La CISA, l’agence américaine chargée de la cybersécurité, a ajouté CVE-2026-33825 à son catalogue des vulnérabilités activement exploitées le 22 avril 2026.

L’agence a ensuite indiqué que cette faille était aussi utilisée dans des campagnes de rançongiciels. BlueHammer avait déjà été exploitée comme faille zero-day, avant que les utilisateurs disposent d’un correctif.

L’existence publique d’un code permettant de reproduire l’attaque augmente également le risque pour les ordinateurs qui n’ont pas encore reçu la mise à jour.

Microsoft Defender doit être mis à jour immédiatement

Microsoft a corrigé BlueHammer lors des mises à jour de sécurité publiées le 14 avril 2026. Les versions de la plateforme Microsoft Defender antérieures à la 4.18.26030.3011 sont répertoriées comme vulnérables.

Les composants de Microsoft Defender sont généralement actualisés automatiquement. Une vérification manuelle reste possible depuis l’application Sécurité Windows.

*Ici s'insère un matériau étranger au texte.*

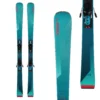 Elan Women's Wildcat 76 C ELW 9.0 Ski 2024
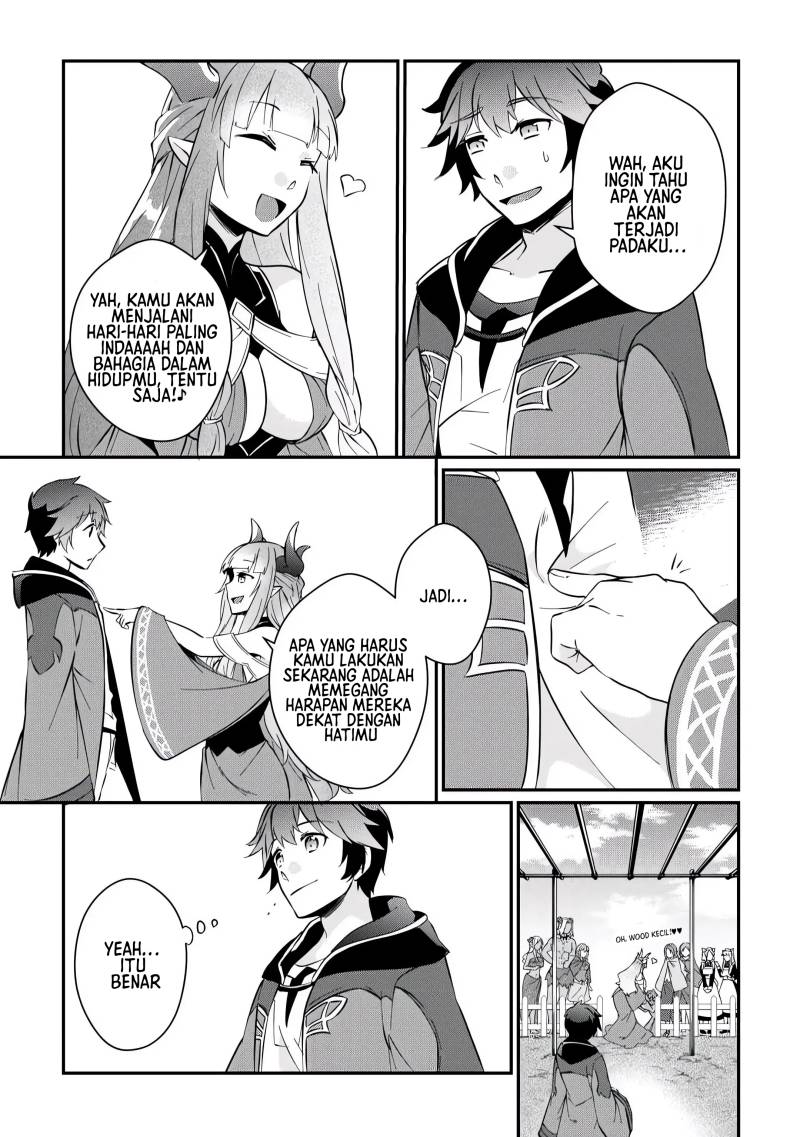 Daijizen no Mahoutsukai Ashuto, Sutareta Ryouchi de Slow Life Chapter 08 Gambar 8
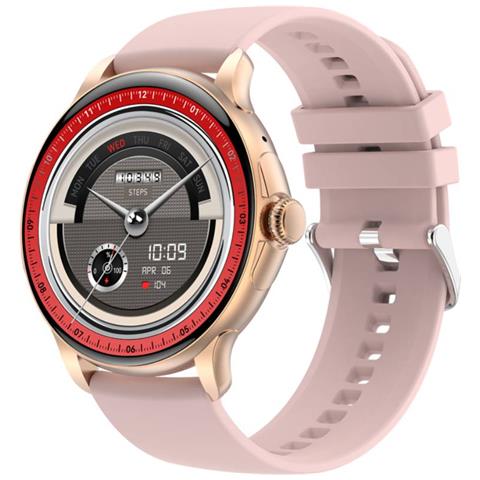 Smartwatch Modello Timelapse, Rosa - Foto 2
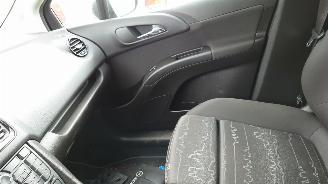 Opel Meriva B 2011 1.4 16v  T A14NET Grijs Z177 onderdelen picture 22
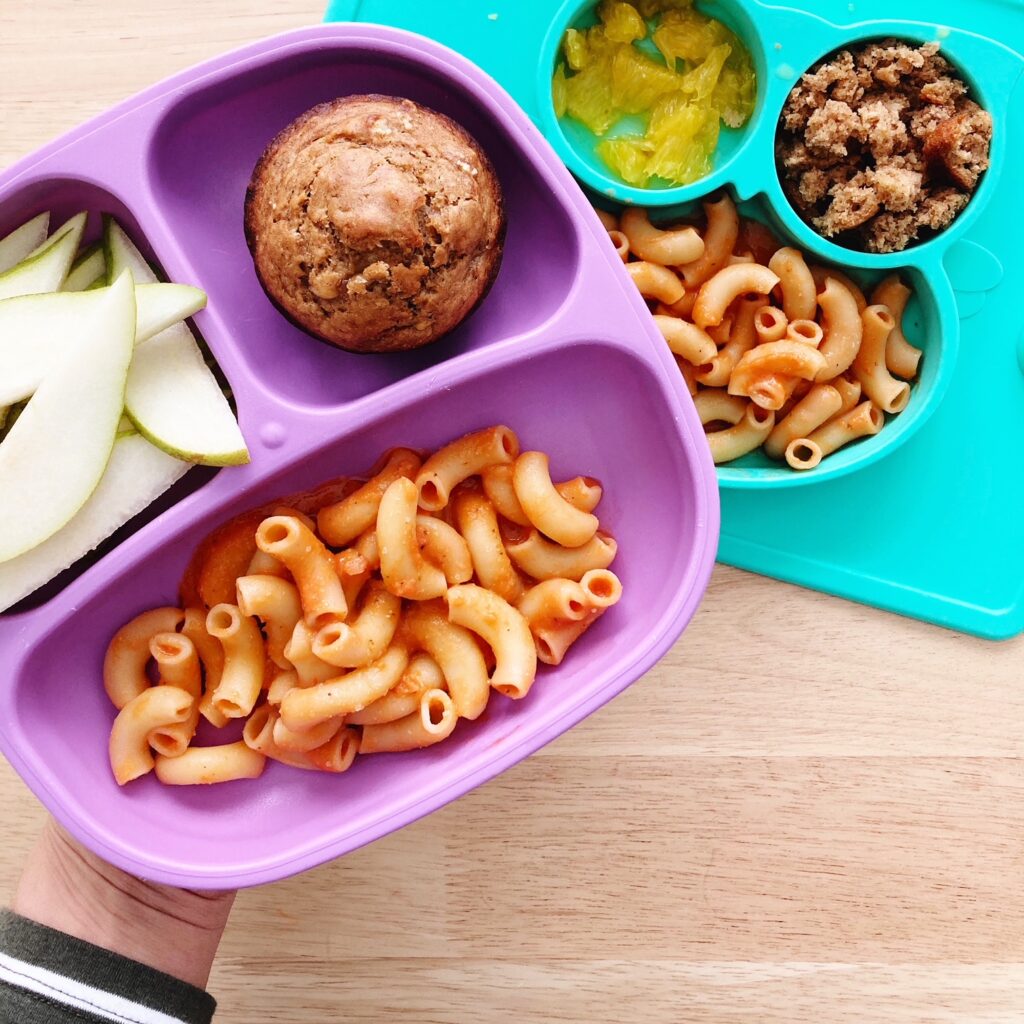 What My Plant-Based Toddlers Eat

Il faut ouvrir la rubrique Protection contre les virus et menaces, accéder aux mises à jour de la protection, puis rechercher les nouvelles versions disponibles. Il est également recommandé de lancer Windows Update afin d’installer tous les correctifs du système.

Les entreprises doivent rechercher les traces d’une intrusion

La mise à jour doit être appliquée en priorité sur les ordinateurs professionnels, les serveurs et les machines accessibles à distance. Ces systèmes sont particulièrement recherchés par les groupes spécialisés dans les rançongiciels.

Installer le correctif bloque les nouvelles tentatives d’exploitation de BlueHammer, mais ne supprime pas une éventuelle infection antérieure. Les administrateurs doivent donc rechercher les connexions inhabituelles, les élévations de privilèges suspectes et les modifications apportées aux protections de Microsoft Defender.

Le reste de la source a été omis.